[Entries taken from a collection]
═══

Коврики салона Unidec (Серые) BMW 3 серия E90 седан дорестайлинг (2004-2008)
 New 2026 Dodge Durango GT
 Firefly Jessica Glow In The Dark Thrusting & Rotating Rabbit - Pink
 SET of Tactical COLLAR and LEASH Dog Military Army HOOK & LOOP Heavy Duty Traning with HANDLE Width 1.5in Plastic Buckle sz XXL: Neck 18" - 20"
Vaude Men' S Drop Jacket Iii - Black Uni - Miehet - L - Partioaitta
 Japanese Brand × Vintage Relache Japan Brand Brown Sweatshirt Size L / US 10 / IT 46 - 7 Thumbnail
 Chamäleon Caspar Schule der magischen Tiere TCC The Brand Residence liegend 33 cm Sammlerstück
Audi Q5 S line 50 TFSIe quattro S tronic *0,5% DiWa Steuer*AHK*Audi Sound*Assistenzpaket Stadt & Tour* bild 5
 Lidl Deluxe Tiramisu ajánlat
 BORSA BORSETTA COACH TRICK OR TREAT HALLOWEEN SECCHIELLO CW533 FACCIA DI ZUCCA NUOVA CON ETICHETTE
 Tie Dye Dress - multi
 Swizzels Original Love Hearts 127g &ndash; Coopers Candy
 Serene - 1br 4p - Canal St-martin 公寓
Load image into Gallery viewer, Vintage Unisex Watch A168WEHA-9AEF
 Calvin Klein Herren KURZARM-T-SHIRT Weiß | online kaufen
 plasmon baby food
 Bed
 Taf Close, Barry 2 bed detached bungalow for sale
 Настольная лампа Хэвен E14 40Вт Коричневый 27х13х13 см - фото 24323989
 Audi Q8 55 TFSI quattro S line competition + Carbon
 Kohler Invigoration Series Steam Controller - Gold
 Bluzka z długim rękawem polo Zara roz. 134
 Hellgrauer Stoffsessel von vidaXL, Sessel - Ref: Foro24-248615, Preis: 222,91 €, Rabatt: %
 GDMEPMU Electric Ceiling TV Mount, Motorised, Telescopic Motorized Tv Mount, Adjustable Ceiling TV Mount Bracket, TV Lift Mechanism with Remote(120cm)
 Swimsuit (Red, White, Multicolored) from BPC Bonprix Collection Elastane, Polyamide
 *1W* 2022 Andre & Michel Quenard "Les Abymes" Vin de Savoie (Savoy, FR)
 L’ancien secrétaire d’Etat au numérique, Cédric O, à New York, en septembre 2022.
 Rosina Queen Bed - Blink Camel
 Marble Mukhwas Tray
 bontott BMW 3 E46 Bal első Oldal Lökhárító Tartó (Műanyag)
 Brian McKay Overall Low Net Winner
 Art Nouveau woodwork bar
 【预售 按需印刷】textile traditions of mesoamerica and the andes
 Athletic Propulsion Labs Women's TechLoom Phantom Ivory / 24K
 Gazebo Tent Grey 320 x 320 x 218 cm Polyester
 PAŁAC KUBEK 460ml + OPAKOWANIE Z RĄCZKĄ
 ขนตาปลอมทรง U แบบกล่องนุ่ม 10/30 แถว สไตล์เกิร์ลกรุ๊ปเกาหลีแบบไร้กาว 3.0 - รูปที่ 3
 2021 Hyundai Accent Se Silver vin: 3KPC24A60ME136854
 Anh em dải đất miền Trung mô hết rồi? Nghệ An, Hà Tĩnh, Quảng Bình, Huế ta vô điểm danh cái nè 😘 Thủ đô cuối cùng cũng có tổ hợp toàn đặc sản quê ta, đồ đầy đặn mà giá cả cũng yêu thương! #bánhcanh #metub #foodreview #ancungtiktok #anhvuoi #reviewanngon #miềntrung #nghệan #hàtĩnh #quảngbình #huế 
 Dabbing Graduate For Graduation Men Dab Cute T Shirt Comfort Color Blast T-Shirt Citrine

═══

* [WORK TO COMPLETE]:
From the records above, print only the lines between the one holding "Kohler Invigoration Series" and the one holding "2021 Hyundai Accent", inclusive, exactly as they stand.

* [EXERCISE RESULT]:
 Kohler Invigoration Series Steam Controller - Gold
 Bluzka z długim rękawem polo Zara roz. 134
 Hellgrauer Stoffsessel von vidaXL, Sessel - Ref: Foro24-248615, Preis: 222,91 €, Rabatt: %
 GDMEPMU Electric Ceiling TV Mount, Motorised, Telescopic Motorized Tv Mount, Adjustable Ceiling TV Mount Bracket, TV Lift Mechanism with Remote(120cm)
 Swimsuit (Red, White, Multicolored) from BPC Bonprix Collection Elastane, Polyamide
 *1W* 2022 Andre & Michel Quenard "Les Abymes" Vin de Savoie (Savoy, FR)
 L’ancien secrétaire d’Etat au numérique, Cédric O, à New York, en septembre 2022.
 Rosina Queen Bed - Blink Camel
 Marble Mukhwas Tray
 bontott BMW 3 E46 Bal első Oldal Lökhárító Tartó (Műanyag)
 Brian McKay Overall Low Net Winner
 Art Nouveau woodwork bar
 【预售 按需印刷】textile traditions of mesoamerica and the andes
 Athletic Propulsion Labs Women's TechLoom Phantom Ivory / 24K
 Gazebo Tent Grey 320 x 320 x 218 cm Polyester
 PAŁAC KUBEK 460ml + OPAKOWANIE Z RĄCZKĄ
 ขนตาปลอมทรง U แบบกล่องนุ่ม 10/30 แถว สไตล์เกิร์ลกรุ๊ปเกาหลีแบบไร้กาว 3.0 - รูปที่ 3
 2021 Hyundai Accent Se Silver vin: 3KPC24A60ME136854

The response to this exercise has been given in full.